═══ TASK INPUT

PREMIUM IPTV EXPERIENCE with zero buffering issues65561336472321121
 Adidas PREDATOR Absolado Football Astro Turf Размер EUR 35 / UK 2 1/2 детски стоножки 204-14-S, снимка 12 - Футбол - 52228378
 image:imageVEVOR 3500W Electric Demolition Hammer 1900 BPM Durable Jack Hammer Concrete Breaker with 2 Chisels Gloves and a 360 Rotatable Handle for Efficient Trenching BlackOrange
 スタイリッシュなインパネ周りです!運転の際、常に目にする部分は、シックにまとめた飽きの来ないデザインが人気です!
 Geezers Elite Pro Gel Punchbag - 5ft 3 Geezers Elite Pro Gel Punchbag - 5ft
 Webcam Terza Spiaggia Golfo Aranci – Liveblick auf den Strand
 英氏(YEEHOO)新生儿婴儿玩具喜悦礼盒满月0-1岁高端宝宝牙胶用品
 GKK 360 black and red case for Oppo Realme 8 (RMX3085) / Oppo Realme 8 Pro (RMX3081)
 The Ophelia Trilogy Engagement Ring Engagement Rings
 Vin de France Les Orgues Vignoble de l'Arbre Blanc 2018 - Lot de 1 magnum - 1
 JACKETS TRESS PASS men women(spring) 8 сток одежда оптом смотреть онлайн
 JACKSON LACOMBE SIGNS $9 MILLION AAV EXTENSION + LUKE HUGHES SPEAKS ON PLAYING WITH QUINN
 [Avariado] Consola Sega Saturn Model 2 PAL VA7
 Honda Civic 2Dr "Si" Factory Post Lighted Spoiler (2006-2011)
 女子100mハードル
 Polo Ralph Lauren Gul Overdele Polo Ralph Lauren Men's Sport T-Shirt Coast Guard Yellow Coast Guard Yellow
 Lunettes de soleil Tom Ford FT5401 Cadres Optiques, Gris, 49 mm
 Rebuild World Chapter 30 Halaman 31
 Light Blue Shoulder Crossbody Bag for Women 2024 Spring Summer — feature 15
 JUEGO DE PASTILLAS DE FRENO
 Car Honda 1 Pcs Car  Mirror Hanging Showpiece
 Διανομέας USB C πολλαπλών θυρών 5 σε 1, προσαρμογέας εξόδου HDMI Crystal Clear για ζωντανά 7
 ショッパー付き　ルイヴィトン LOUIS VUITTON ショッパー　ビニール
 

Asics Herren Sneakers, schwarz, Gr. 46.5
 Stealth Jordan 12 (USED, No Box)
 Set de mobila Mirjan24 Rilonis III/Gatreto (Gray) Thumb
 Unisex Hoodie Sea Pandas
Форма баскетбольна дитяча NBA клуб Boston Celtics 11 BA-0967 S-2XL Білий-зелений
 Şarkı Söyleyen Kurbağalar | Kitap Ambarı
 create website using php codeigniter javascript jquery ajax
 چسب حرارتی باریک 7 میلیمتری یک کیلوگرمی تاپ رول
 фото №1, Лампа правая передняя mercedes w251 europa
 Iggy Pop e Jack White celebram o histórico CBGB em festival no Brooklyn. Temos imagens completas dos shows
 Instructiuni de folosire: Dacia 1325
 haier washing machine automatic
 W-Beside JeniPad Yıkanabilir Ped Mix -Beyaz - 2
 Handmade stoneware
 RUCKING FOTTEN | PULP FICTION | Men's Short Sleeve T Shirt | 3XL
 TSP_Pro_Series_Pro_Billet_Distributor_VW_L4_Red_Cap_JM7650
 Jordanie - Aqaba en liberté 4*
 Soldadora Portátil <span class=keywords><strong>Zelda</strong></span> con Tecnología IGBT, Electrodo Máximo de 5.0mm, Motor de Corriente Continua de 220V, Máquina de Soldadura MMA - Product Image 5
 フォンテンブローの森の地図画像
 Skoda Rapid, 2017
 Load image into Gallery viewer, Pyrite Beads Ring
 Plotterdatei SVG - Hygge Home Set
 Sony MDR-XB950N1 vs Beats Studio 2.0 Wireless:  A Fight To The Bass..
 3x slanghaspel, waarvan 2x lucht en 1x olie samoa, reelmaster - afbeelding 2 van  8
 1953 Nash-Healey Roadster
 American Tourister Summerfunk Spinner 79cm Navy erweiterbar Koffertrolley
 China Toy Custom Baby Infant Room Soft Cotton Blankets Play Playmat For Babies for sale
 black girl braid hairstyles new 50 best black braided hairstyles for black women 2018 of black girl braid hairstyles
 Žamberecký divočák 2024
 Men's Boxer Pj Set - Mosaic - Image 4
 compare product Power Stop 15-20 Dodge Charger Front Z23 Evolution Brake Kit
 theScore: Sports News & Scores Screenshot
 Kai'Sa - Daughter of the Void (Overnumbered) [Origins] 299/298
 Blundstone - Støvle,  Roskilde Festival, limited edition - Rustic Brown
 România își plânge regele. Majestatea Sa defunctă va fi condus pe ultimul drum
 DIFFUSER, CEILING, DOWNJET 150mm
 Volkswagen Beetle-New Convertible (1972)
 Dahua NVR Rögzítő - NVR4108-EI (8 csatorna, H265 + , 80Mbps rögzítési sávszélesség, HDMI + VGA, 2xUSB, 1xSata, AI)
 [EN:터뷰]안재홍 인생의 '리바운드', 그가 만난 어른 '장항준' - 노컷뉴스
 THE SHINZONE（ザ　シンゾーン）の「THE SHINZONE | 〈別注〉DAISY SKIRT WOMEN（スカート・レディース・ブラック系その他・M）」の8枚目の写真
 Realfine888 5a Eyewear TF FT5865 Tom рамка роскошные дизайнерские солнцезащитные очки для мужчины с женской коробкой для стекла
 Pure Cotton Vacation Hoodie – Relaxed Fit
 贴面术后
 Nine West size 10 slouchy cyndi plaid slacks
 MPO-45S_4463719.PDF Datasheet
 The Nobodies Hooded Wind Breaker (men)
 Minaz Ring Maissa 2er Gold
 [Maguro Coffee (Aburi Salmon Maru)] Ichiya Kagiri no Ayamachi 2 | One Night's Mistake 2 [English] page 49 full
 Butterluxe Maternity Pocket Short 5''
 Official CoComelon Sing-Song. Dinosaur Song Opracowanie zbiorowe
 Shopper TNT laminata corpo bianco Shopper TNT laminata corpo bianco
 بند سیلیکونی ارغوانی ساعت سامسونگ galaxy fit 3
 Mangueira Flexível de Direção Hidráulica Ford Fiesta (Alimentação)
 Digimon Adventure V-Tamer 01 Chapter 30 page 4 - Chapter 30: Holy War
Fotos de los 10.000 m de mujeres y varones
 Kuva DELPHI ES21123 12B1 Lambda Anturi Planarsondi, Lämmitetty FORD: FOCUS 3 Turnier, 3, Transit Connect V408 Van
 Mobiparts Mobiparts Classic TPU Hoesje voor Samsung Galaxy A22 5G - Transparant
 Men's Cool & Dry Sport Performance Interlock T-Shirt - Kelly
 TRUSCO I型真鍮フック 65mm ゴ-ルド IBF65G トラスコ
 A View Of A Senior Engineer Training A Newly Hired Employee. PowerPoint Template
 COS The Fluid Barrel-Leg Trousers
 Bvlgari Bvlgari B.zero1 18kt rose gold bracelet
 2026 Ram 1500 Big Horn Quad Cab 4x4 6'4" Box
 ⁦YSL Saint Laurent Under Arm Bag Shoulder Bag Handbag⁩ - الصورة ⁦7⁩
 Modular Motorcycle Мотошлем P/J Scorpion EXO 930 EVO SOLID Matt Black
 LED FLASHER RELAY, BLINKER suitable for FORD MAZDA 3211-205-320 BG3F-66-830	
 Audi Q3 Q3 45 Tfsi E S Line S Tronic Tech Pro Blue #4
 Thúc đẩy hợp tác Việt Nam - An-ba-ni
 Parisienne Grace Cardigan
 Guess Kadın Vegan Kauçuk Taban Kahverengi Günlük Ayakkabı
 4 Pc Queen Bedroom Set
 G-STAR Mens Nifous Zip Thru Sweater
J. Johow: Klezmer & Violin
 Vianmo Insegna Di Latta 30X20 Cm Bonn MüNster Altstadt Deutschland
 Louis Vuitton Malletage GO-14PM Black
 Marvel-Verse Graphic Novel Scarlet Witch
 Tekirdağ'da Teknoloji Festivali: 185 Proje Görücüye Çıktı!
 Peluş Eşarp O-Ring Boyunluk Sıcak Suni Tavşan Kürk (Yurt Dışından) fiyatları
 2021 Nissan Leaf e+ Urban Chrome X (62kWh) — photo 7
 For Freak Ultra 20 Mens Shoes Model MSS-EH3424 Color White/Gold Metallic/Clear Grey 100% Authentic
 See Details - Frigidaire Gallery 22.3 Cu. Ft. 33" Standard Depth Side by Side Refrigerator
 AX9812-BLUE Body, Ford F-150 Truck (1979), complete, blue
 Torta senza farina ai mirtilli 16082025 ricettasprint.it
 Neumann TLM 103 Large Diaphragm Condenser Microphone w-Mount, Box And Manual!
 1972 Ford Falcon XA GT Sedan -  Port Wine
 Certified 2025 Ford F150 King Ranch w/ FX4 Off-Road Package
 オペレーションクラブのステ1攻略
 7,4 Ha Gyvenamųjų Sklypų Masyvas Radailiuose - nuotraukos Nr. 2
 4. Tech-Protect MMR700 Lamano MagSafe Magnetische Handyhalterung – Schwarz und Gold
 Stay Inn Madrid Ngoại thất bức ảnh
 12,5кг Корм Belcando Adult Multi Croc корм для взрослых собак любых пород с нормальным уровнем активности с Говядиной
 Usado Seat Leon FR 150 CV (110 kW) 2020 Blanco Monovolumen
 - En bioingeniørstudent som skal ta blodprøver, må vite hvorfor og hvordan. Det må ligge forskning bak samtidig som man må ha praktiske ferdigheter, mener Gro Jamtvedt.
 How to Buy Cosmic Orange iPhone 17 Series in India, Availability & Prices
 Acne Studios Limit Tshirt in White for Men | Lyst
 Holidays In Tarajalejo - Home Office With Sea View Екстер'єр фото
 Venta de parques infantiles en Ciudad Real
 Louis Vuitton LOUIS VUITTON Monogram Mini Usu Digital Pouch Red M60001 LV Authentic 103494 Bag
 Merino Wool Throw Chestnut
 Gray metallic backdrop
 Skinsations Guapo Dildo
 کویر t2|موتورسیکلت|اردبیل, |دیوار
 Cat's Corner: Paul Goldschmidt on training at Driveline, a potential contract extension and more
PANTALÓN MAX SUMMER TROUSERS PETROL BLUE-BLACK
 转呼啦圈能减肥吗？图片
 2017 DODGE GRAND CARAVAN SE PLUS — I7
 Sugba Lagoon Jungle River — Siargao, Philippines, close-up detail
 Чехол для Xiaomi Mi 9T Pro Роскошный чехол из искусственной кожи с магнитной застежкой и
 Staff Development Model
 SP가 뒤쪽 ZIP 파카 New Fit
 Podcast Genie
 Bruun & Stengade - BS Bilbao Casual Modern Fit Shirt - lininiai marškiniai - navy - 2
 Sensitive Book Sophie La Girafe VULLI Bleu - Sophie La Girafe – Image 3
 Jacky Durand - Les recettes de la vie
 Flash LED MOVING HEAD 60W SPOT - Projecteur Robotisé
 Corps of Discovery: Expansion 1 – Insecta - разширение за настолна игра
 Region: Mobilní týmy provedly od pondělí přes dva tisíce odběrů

══════

• ACTION ITEM: Please copy every line from the entries that includes the word "Short".

• ANSWER SECTION:
 RUCKING FOTTEN | PULP FICTION | Men's Short Sleeve T Shirt | 3XL
 Butterluxe Maternity Pocket Short 5''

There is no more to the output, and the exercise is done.